- From: Gregg Kellogg <gregg@greggkellogg.net>
- Date: Sun, 23 Aug 2015 10:34:06 -0700
- To: Andy Seaborne <andy@seaborne.org>
- Cc: Linked JSON <public-linked-json@w3.org>
> On Aug 23, 2015, at 3:15 AM, Andy Seaborne <andy@seaborne.org> wrote:
>
> I'm having trouble pinning down what the spec status is of this input (this is for an issue in jsonld-java).
>
> Does the trailing content mean it is illegal JSON-LD or not or is it outside the spec altogether in some cases?
>
> ----------------------
> {
> "@id" : "http://example/s",
> "http://example/p" : "str"
> }
> xxxxxxxxx
> ----------------------
>
> The question is whether the whole input is the "JSON Document" or whether the trailing junk is considered to be outside the JSON Document.
>
> In the first case, it is a parse error, and any output is undefined.
> In the second case, there would be triples and no parse error.
>
> I currently think that the spec says this is illegal JSON-LD but the argument is convoluted and relies on the input coming from HTTP. If it were some other source (a file with a non jsonld extension [tut, tut]), it is unstated.
>
> The spec chase:
>
> Section 8 =>
>
> """
> A JSON-LD document MUST be a valid JSON document as described in [RFC4627].
>
> A JSON-LD document MUST be a single node object or an array whose elements are each node objects at the top level.
> “""
Adding “exclusive of enclosing whitespace".
> RFC4627 is the media type registration for JSON.
>
> The definition link for "JSON-LD document" is descriptive:
> """
> A JSON-LD document serializes a generalized RDF Dataset [RDF11-CONCEPTS], which is a collection of graphs that comprises exactly one default graph and zero or more named graphs.
> """
>
> so it does not say, to my reading, that the "JSON-LD document" includes or excludes the content after the "}”.
I believe a JSON-LD document is the entire document, and in my case, anyway, the entire document is passed to the Ruby JSON parser, where I expect to see an Array or Object. Non-whitespace trailing characters would be a syntax error.

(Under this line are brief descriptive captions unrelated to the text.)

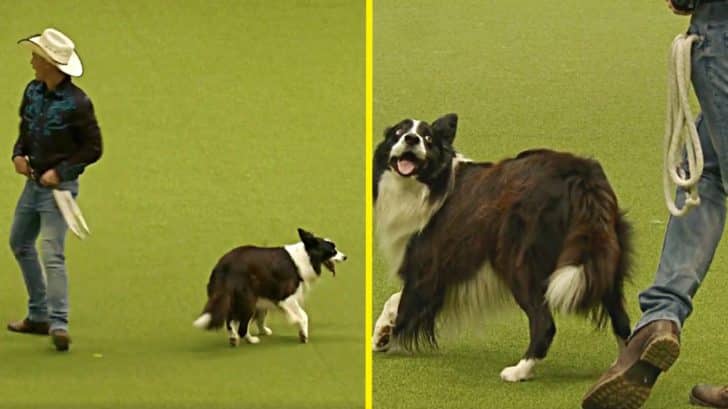 Border Collie Dances With Handler In Western Routine At 2018 Crufts Dog  Show – Country Music Family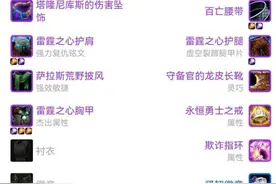 魔兽TBC：P3熊T装备搭配，44%暴击仇恨稳，就是装备有些难搞图片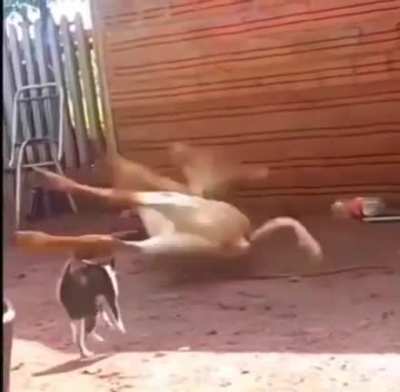 Finish him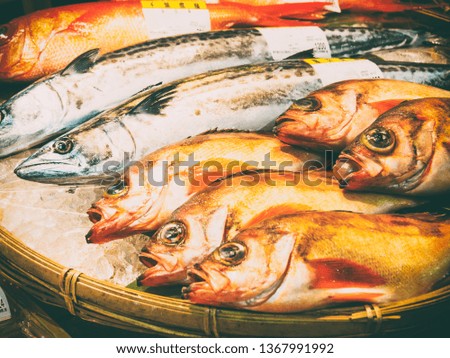 fresh fishes in a market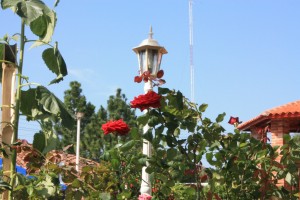 AlegriaRoseBush Alegria's Town Square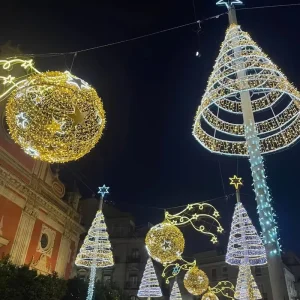 Outdoor Holiday Waterproof IP65 Commercial Grade Giant LED Street Mall Garden Plaza Decorative Moon Christmas 3D Motif Lights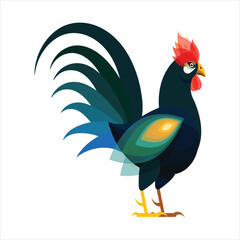 rooster.illustration of rooster.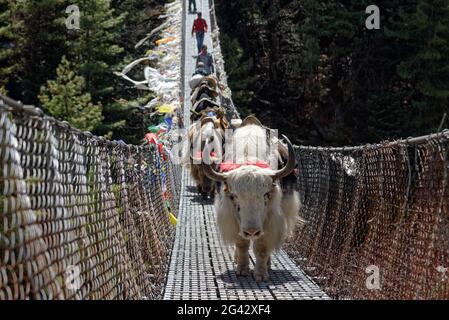 Gli yaks attraversano un ponte sospeso sul fiume Dhut Kosi a solo Khumbu, Nepal, Himalaya, Asia. Foto Stock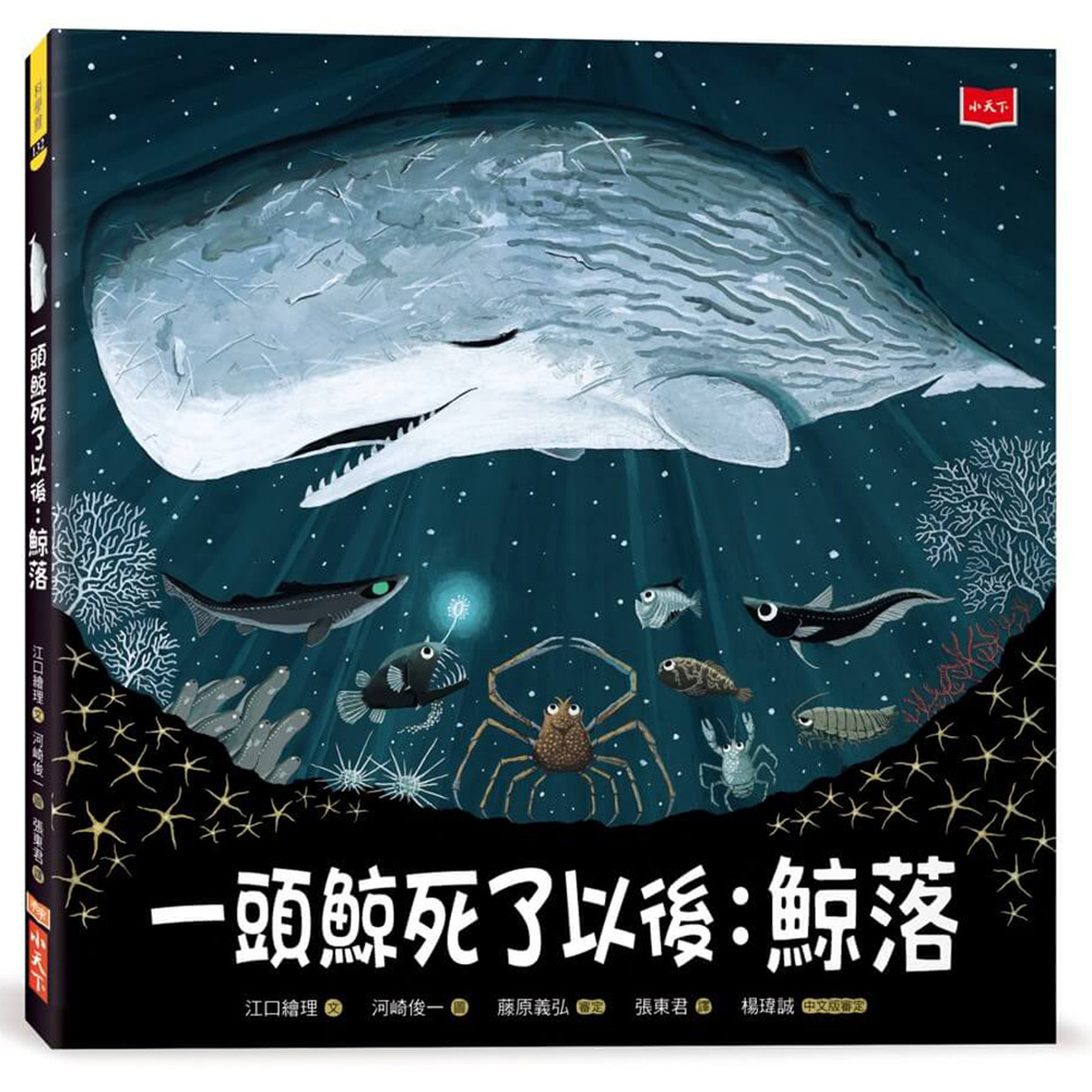 一頭鯨死了以後：鯨落 圖片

> RFC4627 talks about a "JSON text" when defining the media type.
> Because that is the whole of the HTTP body, I think it means that "JSON text" includes everything. Then "MUST be a single node object" applies => it's a parse error.
+1
> Proposed spec fix 1:
> If it said that
> """
> A JSON-LD document MUST be a valid JSON *text* as described in [RFC4627].
> """
>
> then it would be clearer but still only applies if the media type can be invoked and sometimes it can't (e.g a stream of chars from a non-HTTP stream).
Yes, I think this is clear.
> A sentence in the grammar explicitly, making it a synatx isse, not a context issue, stating that no trailing content is permitted would cover all cases.
With the provision that leading and trailing whitespace is permitted.
However, as a practical matter, JSON may be included in and HTML script tag, which could conceivably be in CDATA. Sometimes other non-JSON comment (such as a // comment) is also found). Because these are seen in the wild, my reader removes everything preceding “{“ or “[“ and everything trailing “}” or “]” to look for a valid JSON document. The specific substitution pattern I use is the following:
input.to_s.sub(%r(\A[^{\[]*)m, '').sub(%r([^}\]]*\Z)m, ‘')
While this is technically invalid IMO, practically speaking not eating such garbage will break real-world usage (perhaps mostly in schema.org examples). I could see generating an error if this is seen when validating, but otherwise I’m inclined to eat such garbage in my implementation.
Gregg
> Andy
>
Received on Sunday, 23 August 2015 17:34:36 UTC